Throughout Milosz’s oeuvre, however, exists strains of the religious mysticism of William Blake and – heretofore unknown to this reviewer – French Roman Catholic philosopher Jacques Maritain and Milosz’s uncle Oskar Milosz. The elder Milosz, noted by Franaszek, once argued about what constituted real poetry with none other than Oscar Wilde. Oskar Milosz asserted that “hierarchy, mystery and metaphysical sensitivity were fundamental to great art, whose function it was to enrich the human spirit and mind.”
The nephew in fact was responsible for much of the existing translations of his uncle’s work as well as extensive translations into Polish of the Bible. One may discern a whiff of secular humanism in a poem such as “If There Is No God,” but they’d miss the influence of Oskar Milosz:
If there is no God
Not everything is permitted to man.
He is still his brother’s keeper
And he is not permitted to sadden his brother
By saying that there is no God.
Elsewhere, Milosz explained his approach to Christianity was tainted by his inability to live up to the virtues he championed, a crisis of faith inculcated by a lengthy exposure to communism:
My books are full of respect for conventional virtues and, thought that role was never intentional, I could sometimes be considered a moralist. I was deeply ashamed of my lack of virtue, and was reluctant to say, “Yes, I admit to that, that’s what I am like and that’s it.” This lack of virtue had its origin from a clash in my relationship with collective entities … and could be described as excessive individualism.
This dark night of the soul prompted Milosz to seek counsel from Pope John Paul II:
[I]n the last few years I wrote poems in which I consciously adhered to Catholic orthodoxy, but I am not sure whether I was successful in achieving that, I, therefore, ask for your words confirming my pursuit of our common goal. Let’s hope Christ’s promise of Resurrection comes true.
The pontiff’s response came within a fortnight:
You write that the subject of your concern was whether your work ‘adhered to Catholic orthodoxy.’ I am convinced that this intention is of decisive significance. In this sense, I am happy to confirm your words about our ‘pursuing a common goal.’ From the bottom of my heart, I also would like to wish that the promise Christ gave to the whole of humankind through his Resurrection comes true for you. I wish God’s blessings on you, your life and work.
Respect for Milosz’s literary efforts waned only in the final years of his life. By 2004, the year he died, a Poland quickly accustomed to its growing freedoms spawned a new generation of poets indifferent to literary accomplishments wrought by tremendous personal sacrifice.

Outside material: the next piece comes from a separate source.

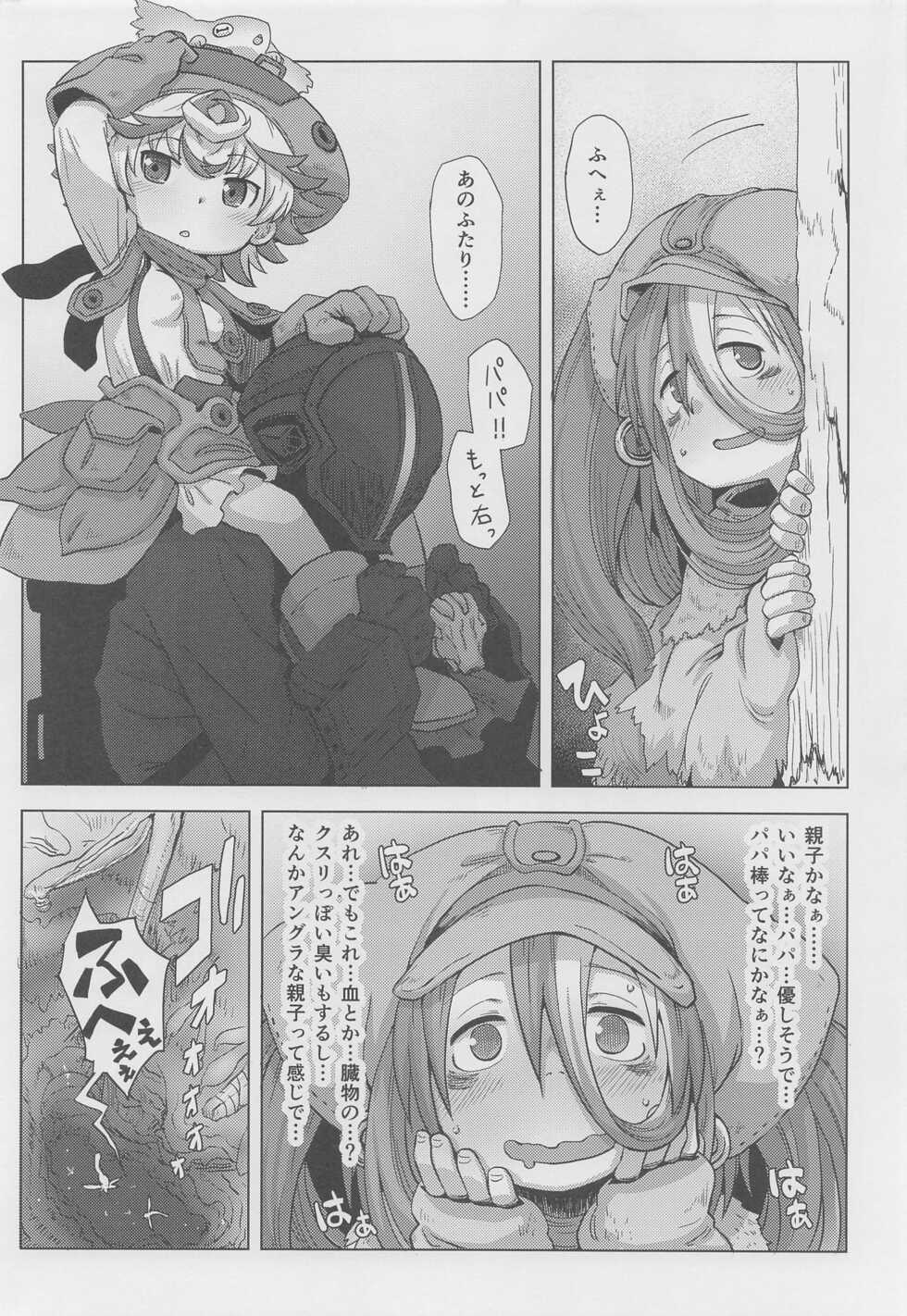 (C101) [Ikasumiya (Uchuu Ika)] Myakuutsu Benki to Vueko no Hon (Made in Abyss) - Page 31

It’s fortunate Milosz’s literary legacy is preserved in Franaszek’s biography, and it is hoped it serves to reinvigorate the inclusion of Milosz’s works on college syllabi. Franaszek, an assistant professor of Polish Literature at Krakow’s Pedagogical University, proves again and again his wide-ranging ability to marshal extensive biographical details aligned as well with an ability to approach the poetry and private documents of Milosz with sensitivity and scholarly discipline. In short, Milosz: A Biography is a literary triumph.